Oh, I didn't know of that. I admit, I was wrong.

Bulb

@EvanED said:

```
while ((c = getchar()) != EOF)
Is best handled using iterators. But there is one kind of construct where `=` not returning value hurts:
m = re1.match(line)
if m:
whatever(m)...
else:
m = re2.match(line)
if m:
whatever2(m)…
else:
m = re3.match(line)
if m:
which would be just so much easier to write and read and understand if it could be written
if m = re1.match(line):
whatever(m)...
elif m = re2.match(line):
whatever2(m)
elif m = re3.match(line):
...

Bulb

@Gaska said:

It's "do one assignment or the other" level of undefined - and since both assignments assign the same value, there's nothing to worry about.

Everybody, please welcome the… optimizer.

Oh, hi, so what do we have here. The value of x depends on y. Oh, no, it actually depends on x (so it does not depend on y after all, because there can only be one side-effect to a variable between sequence points). But x depends on x is trivial, we can skip that. Therefore value of x is unchanged and the statement can be ignored.

Now I am not sure whether this is what the dependency analysis in gcc will do in this case, but there are many cases where gcc dependency analysis produce completely unexpected results when you feed it some undefined statements.

Gąska

As I said, I didn't know only one change can happen to a variable between sequence points. This invalidates all that I said before.

Gąska

@Bulb said:

```
m = re1.match(line)
if m:
whatever(m)...
else:
m = re2.match(line)
if m:
whatever2(m)…
else:
m = re3.match(line)
if m:
Obligatory Rust:
whatever(
if let Some(m) = re1.match(line) { m }
else if let Some(m) = re2.match(line) { m }
else if let Some(m) = re3.match(line) { m }
);

Bulb

Oh, Rust is the new cool. The pinnacle of milenia of the language development. Of course it handles the case nicely ;-P.

Onyx

DeathStation 9000 or DS9K is sometimes also used as an adjective, as in "a DS9K endianness", meaning an endianness which is neither big-endian nor little-endian, like the American date format MM/DD/YYYY.

Excuse me, there's a thread I need to visit

Captain

I'm pretty sure (but not certain) that P.R. Halmos popularized the usage in the 1940s and 1950s. But I get your point. One student (me) in one school (my school) does is not data, just an anecdote.

tar

@Bulb said:

Everybody, please welcome the… optimizer.

There's been some fairly indepth discussion of this, here, at least:

http://what.thedailywtf.com/t/nasal-string-length/5250/94

(I now relieve myself of the duty of discosearching for the rest of it—if I can't find a fucking URL which I know was posted multiple times, what chance do I have of finding anything useful...)

PJH

@Captain said:

One student (me) in one school (my school) does is not data, just an anecdote.

Anecdata.

da_Doctah

@Captain said:

One student (me) in one school (my school) does is not data, just an anecdote.

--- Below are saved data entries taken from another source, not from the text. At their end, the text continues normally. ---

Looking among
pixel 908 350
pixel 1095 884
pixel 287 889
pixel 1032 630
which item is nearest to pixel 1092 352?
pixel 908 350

The sentence above has circumcise one too many verbs.

ijij

@da_Doctah said:

The sentence above has circumcise one too many verbs.

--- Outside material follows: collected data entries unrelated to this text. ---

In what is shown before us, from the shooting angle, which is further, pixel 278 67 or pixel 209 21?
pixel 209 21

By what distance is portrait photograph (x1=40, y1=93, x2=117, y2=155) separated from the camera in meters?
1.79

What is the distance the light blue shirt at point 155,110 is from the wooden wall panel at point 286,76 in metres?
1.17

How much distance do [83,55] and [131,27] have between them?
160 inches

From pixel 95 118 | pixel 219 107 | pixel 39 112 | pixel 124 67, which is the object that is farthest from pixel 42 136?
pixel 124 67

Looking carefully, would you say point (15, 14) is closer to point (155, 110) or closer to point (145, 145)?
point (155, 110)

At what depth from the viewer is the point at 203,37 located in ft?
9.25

That's what I was thinking... but :shudder: not how I was thinking it.

Jaime

@dkf said:

DECLARE is not standard SQL, but rather just one of the extensions to it.

OK... so....

T-SQL?

SELECT @fname = FirstName
FROM Employees
WHERE EmployeeID = 42

PleegWat

Or just SQL?

UPDATE TABLE SET COL1='Value' WHERE COL2='Other Value'

dkf

@Jaime said:

OK... so....

T-SQL?

Every DB vendor does extensions to the baseline SQL standard.